Chugai Photo Chemical Co. Ltd aus Tokio, Japan und C.R. Kennedy & Company Pty Ltd aus Melbourne, Australien, haben den Zuschlag für die Nutzung des Ilford-Markenzeichens und für den assoziierten Bestand erhalten. Der Erwerb gewährleistet die globale Fortführung führender Produktreihen, unter anderem Ilford Galerie Prestige und Ilford Omnijet mit existierenden ICC-Profilen. Zu Chugai gehört auch die Japanische Jetgraph und seit letztem Jahr die Tecco in Deutschland.

Als Beteiligungsgesellschaft (Joint Venture) der beiden Eigner wurde am 1. April 2014 die Ilford Imaging Europe GmbH gegründet, welche für sämtliche Aktivitäten bezüglich Produktentwicklung, Produktion, Logistik, Vertrieb und Marketing zuständig ist. Clement Kennedy und Arnoud Mekenkamp wurden in die Geschäftsleitung berufen.

Der Markenname Ilford und dazu gehörende Produktebezeichnungen wird ferner auf Grund eines früheren Vertrages weiterhin von der Harman Technology Limited  in Mobberly, England, für die Schwarzweissprodukte Ilfobrom, Ilfocopy, Ilfofix, Ilfolab, Ilfopan, Ilford XP, Ilfosol, Ilfospeed, Ilfospeed-Multigrade, Ilfotec und Jyford genutzt.

Ilford-Knowhow geht zu wifag//polytype. Der ehemalige COO von Ilford, Dr. Lars Sommerhäuser, wechselte per 1. Februar 2014 mit einem früheren Ilford-Entwicklungsteam bestehend aus zehn Chemikern, Laboranten und Prozessingenieuren zur wifag//polytype Group mit Sitz in Friboug. Damit verfügt diese Schweizer Firmengruppe über eine weitreichende Kompetenz für die Entwicklung von Inkjet-Tinten und funktionalen Schichten.

Über Chugai Photo Chemicals Co. Ltd Seit der Gründung im Jahre 1948, hat sich Chugai Photo Chemical als Hersteller von Fotochemikalien und artverwandte Imagingprodukte spezialisiert. Durch die Unterstützung des Wachstums der Imagingtechnologie, steuert Chugai Photo seinen Teil zur fortgeschritten Informationgesellschaft bei.

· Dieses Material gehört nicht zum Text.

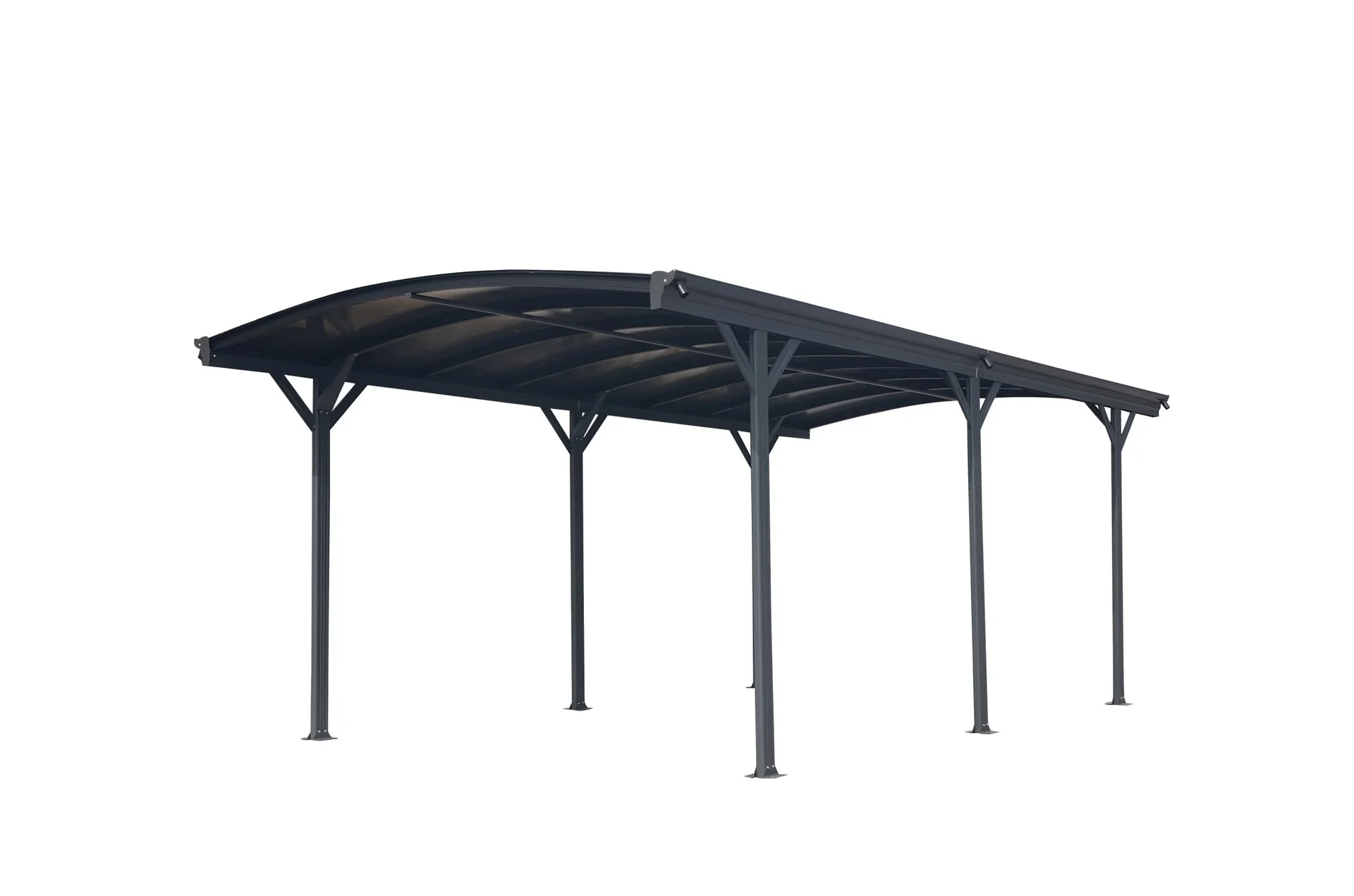 Aluminium-Rundbogen-Carport anthrazit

Über C.R. Kennedy & Company Pty Ltd C.R.Kennedy wurde im Jahre 1934 gegründet und ist einer der grössten fotografische Distributor in Australien und Neuseeland. Das Unternehmen ist neben Imaging in der Überwachung, im Medizinbereich, in Audio-Vision und in der Vermessungstechnik tätig.

 

 

 

3 Kommentare zu “Ilford-Ende und Ilford-Neuanfang – wie war es wirklich?”

  1. „einst 120 Mitarbeiter von Ilford“ ?
    Bis vor einem Jahr waren es noch fast doppelt soviele wie „einst“.

    In einer auf Wachstum und Effizienzsteigerung getrimmten Welt ist es schwer, sich in einem schrumpfenden Markt zurecht zu finden.

  2. Wenn man sich das Zitat,
    „Im Vordergrund stand die Auslastung dieser riesigen Produktionsanlage hier in Marly, und die Frage nach dem Profit wurde erst gestellt, als es eigentlich schon zu spät war.“
    mal durchliest, bekommt man die Gewissheit, das sicher das auch gravierende Management Fehler, sowohl vor als auch während der Zeit von Hr. Willems zum Zusammenbruch geführt haben könnten.
    Aber wirklich schade finde ich das die Anlage 4, die Beschichtungsanlage abgebaut werden muss um für neues Platz zu schaffen. Es wird sozusagen das Herz der ehemaligen Ilford herausgerissen und verschrottet.